Tozer on walking in righteousness
“Just let me ask: Who said that you can be a Christian without being a disciple? I don’t think you can. The idea that I can come to the Lord and by grace have all of my sins forgiven and have my name written in heaven, and have the Carpenter go to work on a mansion in my Father’s house, and at the same time raise hell on my way to heaven is impossible and unscriptural. It cannot be found in the Bible.
We are never saved by our good works, but we are not saved apart from our good works. Out of our saving faith in Jesus Christ, there springs immediately goodness and righteousness. Spring is not brought by flowers, but you cannot have spring without flowers. It isn’t my righteousness that saves, but the salvation I have received brings righteousness. I think we must face up to this now—that we must walk in righteousness if we are going on to know the Lord. The man who is not ready to live right is not saved, and he will not be saved, and he will be deceived in that great day.
I cannot believe that a man is on the road to heaven when he is habitually performing the kind of deeds that would logically indicate that he ought to be on his way to hell.” (The Counselor pgs. 127-28)
I love that Tozer went & still goes against the grain of popular Christianity. “Who said you can be a Christian without being a disciple?” “It cannot be found in the Bible.”
Apparently people in Tozer’s day were saying you could be a Christian without being a disciple.
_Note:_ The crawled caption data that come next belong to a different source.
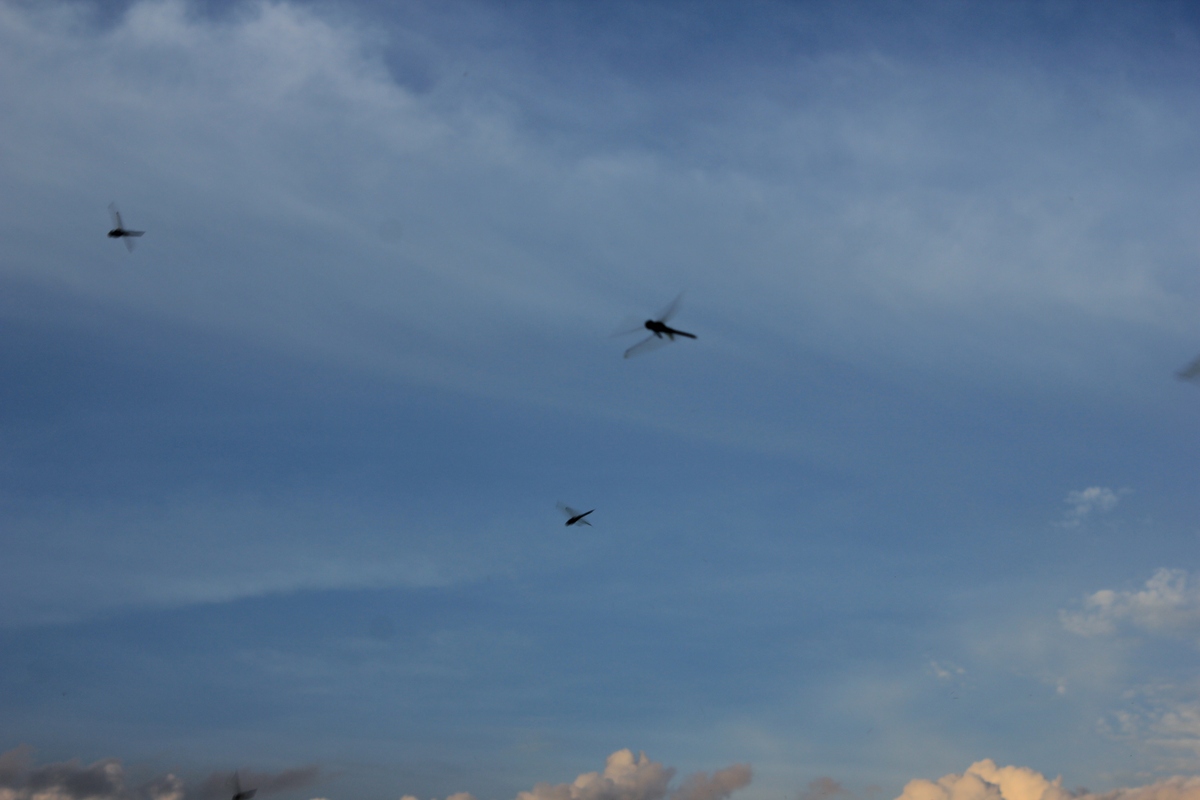 假如诗人李白坐上飞机看到窗外的风景他会写一首怎样的诗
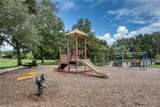 2924 Majestic Isle Drive - Photo 59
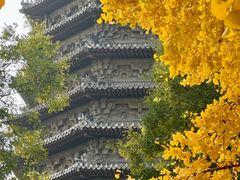 -玲珑塔公园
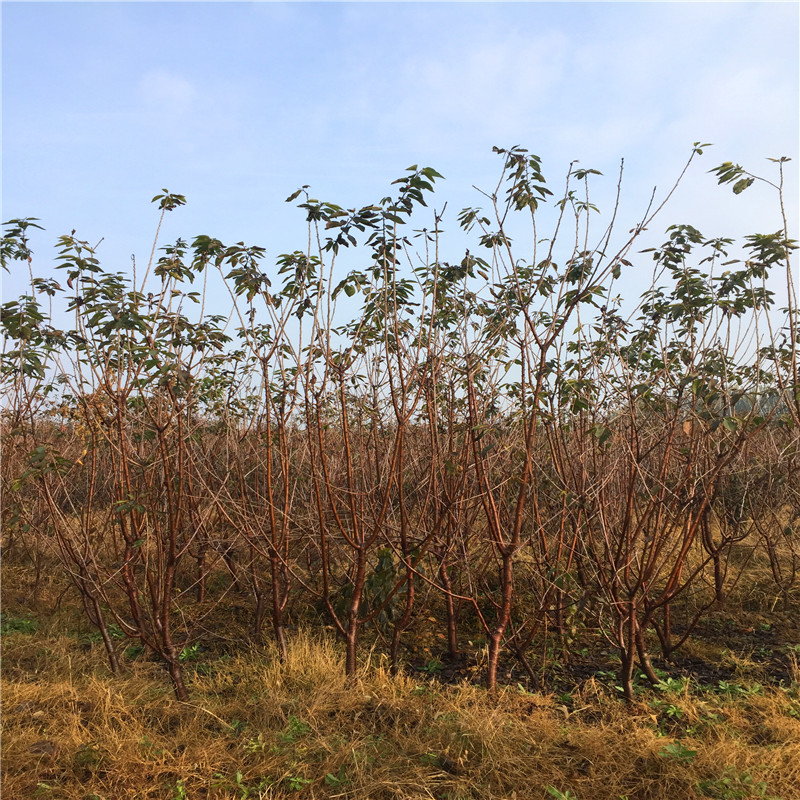 矮化香椿苗價(jià)格多少山東矮化香椿苗批發(fā)單價(jià)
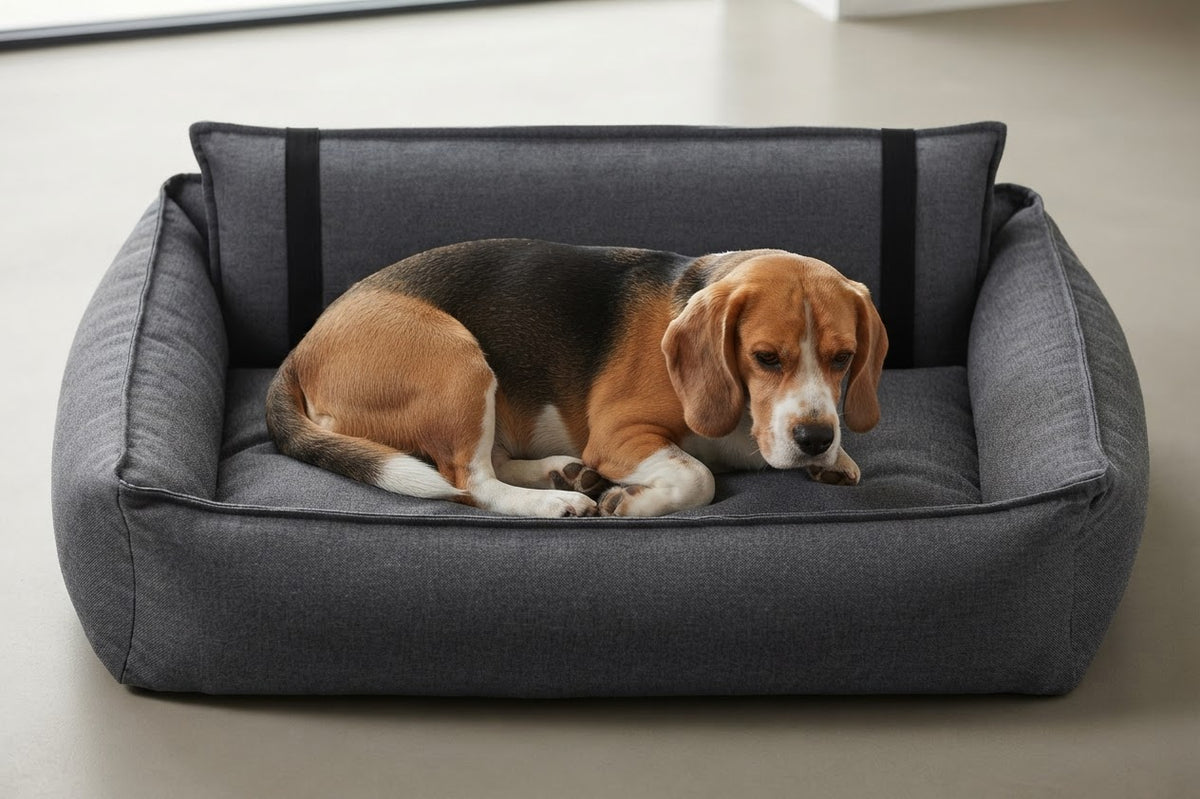 Orteo cama gris oscuro con perro
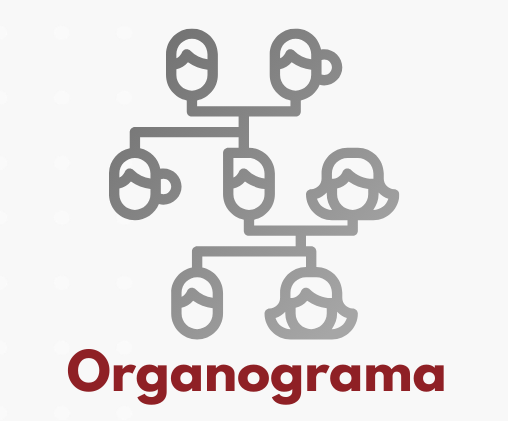 organograma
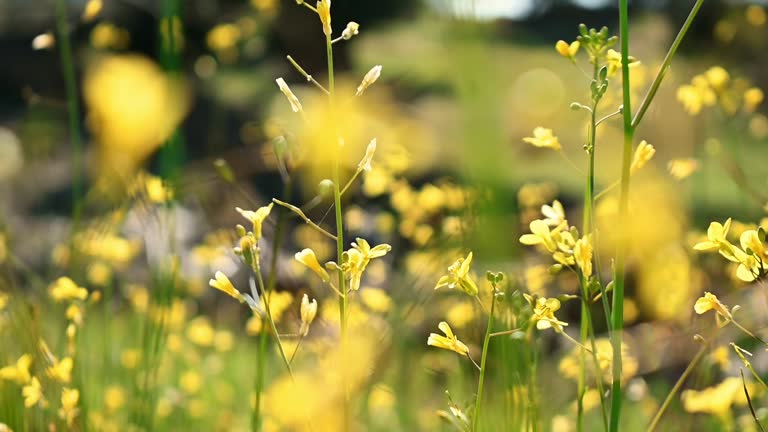 Yellow flowers moved by the wind in springtime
Tozer wrote another book called “I Call it Heresy", in the first chapter he says,
“The scriptures do not teach that the Person of Jesus Christ nor any of the important offices which God has given Him can be divided or ignored according to the whims of men.
Therefore, I must be frank in my feeling that a notable heresy has come into being throughout our evangelical Christian circles - the widely accepted concept that we humans can choose to accept Christ only because we need Him as Savior and we have the right to postpone our obedience to Him as Lord as long as we want to!
This concept has sprung naturally from a misunderstanding of what the Bible actually says about Christian discipleship and obedience. It is now found in nearly all of our full gospel literature. I confess that I was among those who preached it before I began to pray earnestly, to study diligently and meditate with anguish over the whole matter. I think the following is a fair statement of what I was taught in my early Christian experience and it certainly needs a lot of modifying and a great many qualifiers to save us from being in error. "We are saved by accepting Christ as our Savior; we are sanctified by accepting Christ as our Lord; we may do the first without doing the second!"
Tozer hits it home. Let us follow Him.
1 comment:
Sean when are you preaching on this one maybe Steve and I will fly in to support you in case you empty the house. Sounds like a great church growth govenor sermon!! Just kidding I think that deep down in all people this hits a cord of truth. Hope SC is bringing in lots of fun times for you all, buffalo is great and it's finally warm here, but don't worry we not surfing yet!!!